Key Price Levels: December 22, 2008

Despite the sentiment picture (which is not supportive of higher prices), the price action remains sluggishly fabulous. The QQQQ (NASDAQ 100 proxy) and IWM (Russell 2000 proxy) have finally closed the week above key resistance levels; it wasn't convincing but they are above. The SPY (S&P500 proxy) and DIA (Dow Industrial proxy) have been above key levels for several weeks now but have failed to clear the next level up.

So let's look at the charts to see the areas where the major indices will succeed or fail.

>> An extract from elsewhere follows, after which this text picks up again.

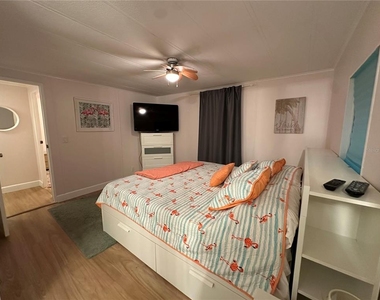 283 Apricot Street - Photo Thumbnail 6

Key price levels are points where buying and selling are most likely to take place. With over 40 years of back tested data, I have defined these key price levels as a pivot point low occurring at a time when investor sentiment is bearish (i.e, bull signal). These key areas are shown with the red dots in figure 1, a weekly chart of the ETF proxy for the S&P500, the S&P Deposit Receipts (symbol: SPY).

Figure 1. SPY/ weekly

Now let's stay with figure 1, and focus on the price bars with the red labeling. These are positive divergence bars between a momentum oscillator and price. Positive divergence bars tend to occur at market bottoms and are of indicative of decreasing downside price momentum. They don't always lead to trend reversals, and more likely the highs and lows of the divergence bar will define a price range. A weekly close above the highs of the positive divergence bar will lead to higher prices (and is considered a breakout) and a weekly close below the lows of the positive divergence bar will lead to lower prices (and is considered a breakdown). The highs of the current positive divergence bar are at 90.13.

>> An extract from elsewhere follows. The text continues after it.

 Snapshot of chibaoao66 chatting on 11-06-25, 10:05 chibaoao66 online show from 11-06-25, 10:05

My interpretation of the SPY chart is as follows: the price action has been good with three consecutive weekly closes over 86.78. Currently, prices are trading to resistance levels as defined by the highs of the positive divergence bar. A weekly close below 81.78 would be serious technical damage. A weekly close below 86.78 implies weakness and increasing caution. A weekly close over the highs of the positive divergence bar at 90.13 would be bullish. As you can see, prices have probed this area but failed on a closing basis.

Figure 2 is a weekly chart of the Dow Jones Industrial ETF proxy, the Diamond Trusts (symbol: DIA). The key levels and positive divergence bars are noted. Prices have yet to close above near term resistance at 88.36. A weekly close below 82.64 would be disastrous.

Figure 2. DIA/ weekly

Figure 3 is a weekly chart of the Power Shares QQQQ Trust (symbol: QQQQ); prices have finally cleared the upper reaches of the resistance zone as determined by the key support level at 29.72 and the highs of the positive divergence bar at 29.36. It wasn't a convincing show of strength as prices are just barely above (only 14 cents) , but it is a close above a key level nonetheless, and this should be bullish. 29.36 is now support and a weekly close below this level is a sign of weakness.

Figure 3. QQQQ/ weekly

Figure 4 is a weekly chart of the i-Shares Russell 2000 Index (symbol: IWM). Resistance levels at 48.26 have been taken out on a weekly closing basis, so this now becomes support. A weekly close below this (47.58) level is considered bearish.

Figure 4. IWM/ weekly

As we approach this holiday shortened week where light volume should be the rule, the major indices and their ETF proxies are providing a mixed picture. The QQQQ and IWM have finally closed above their most immediate overhead levels but realistically, I have to ask: where is the conviction? The SPY and DIA appear to be further along in the bottoming process but have failed at the next resistance levels. As discussed previously, sentiment is mixed. As always, we give the market the benefit of the doubt, yet of course, we should be on the alert for failures at our key price levels.